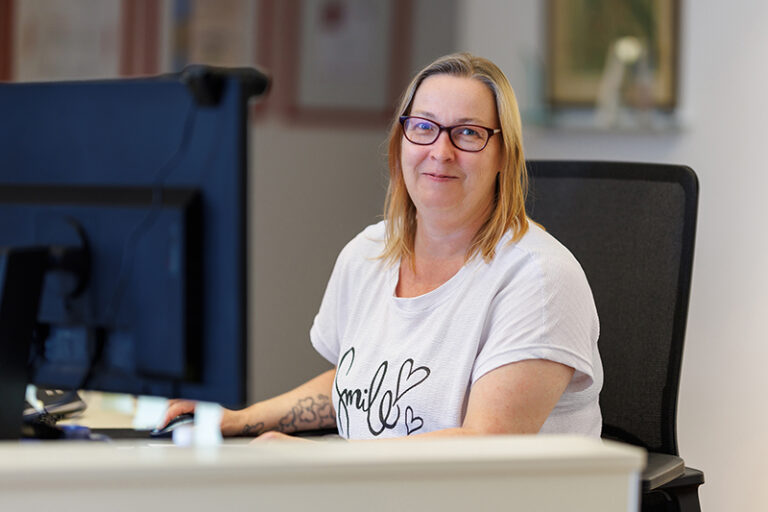 Susann Pehmöller. Sie ist Mitarbeiterin in den Bereichen Mitgliederverwaltung, Empfang und Buchhaltung der Wohnstätte Stade eG. Frau Pehmöller ist mittleren Alters, hat schulterlange blonde Haare und trägt eine Brille, sowie ein weißes T-Shirt.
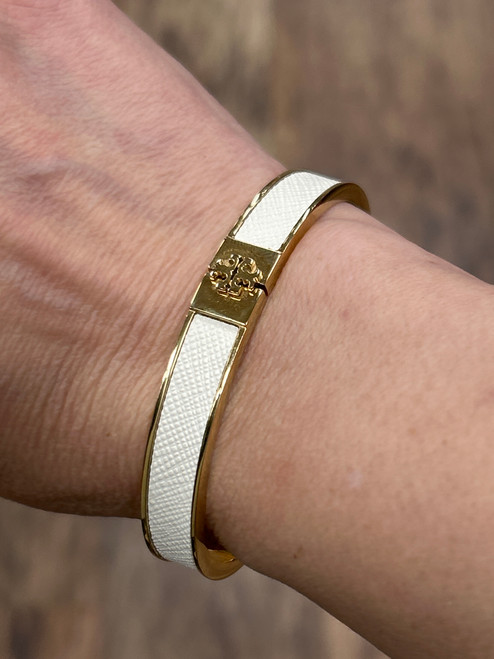 Vist Large View of Product Image Which is Used Tory Burch white and gold Bracelet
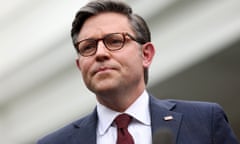 man with reddish glasses and gray hair wears a suit with a red tie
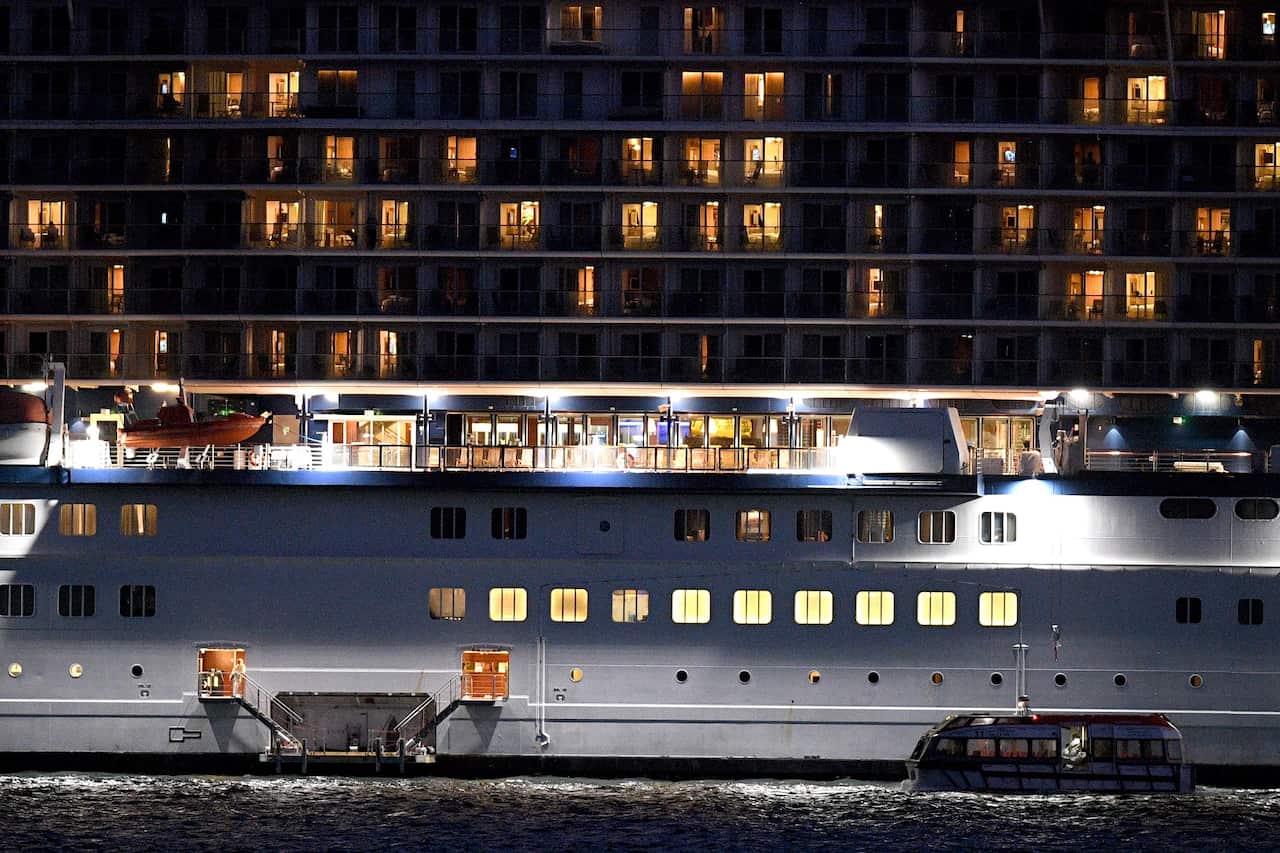 A tender craft approaches the cruise ship Celebrity Solstice in Sydney harbour, 4 April 2020.
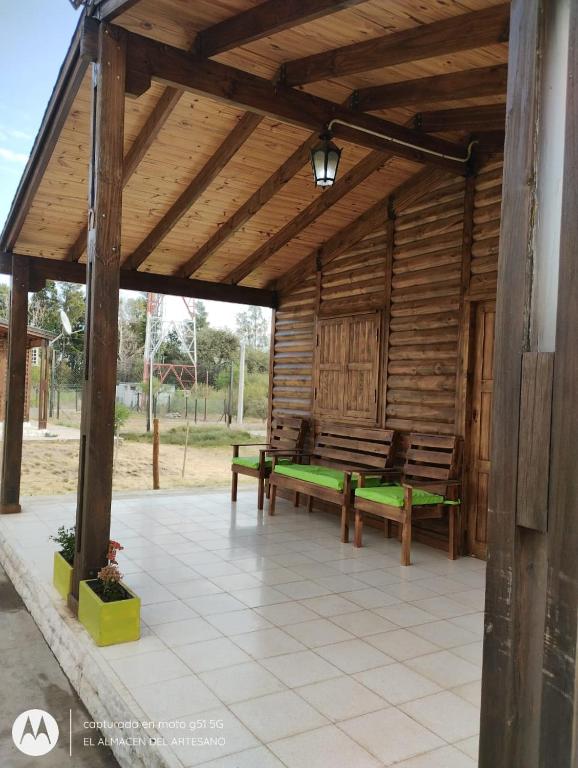a wooden pavilion with benches on a patio at Cabaña El Refugio in La Carrera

=-=-=-=-=

Leave the pictures out and reproduce each record exactly as written.

 Susann Pehmöller. Sie ist Mitarbeiterin in den Bereichen Mitgliederverwaltung, Empfang und Buchhaltung der Wohnstätte Stade eG. Frau Pehmöller ist mittleren Alters, hat schulterlange blonde Haare und trägt eine Brille, sowie ein weißes T-Shirt.
 Vist Large View of Product Image Which is Used Tory Burch white and gold Bracelet
 man with reddish glasses and gray hair wears a suit with a red tie
 A tender craft approaches the cruise ship Celebrity Solstice in Sydney harbour, 4 April 2020.
a wooden pavilion with benches on a patio at Cabaña El Refugio in La Carrera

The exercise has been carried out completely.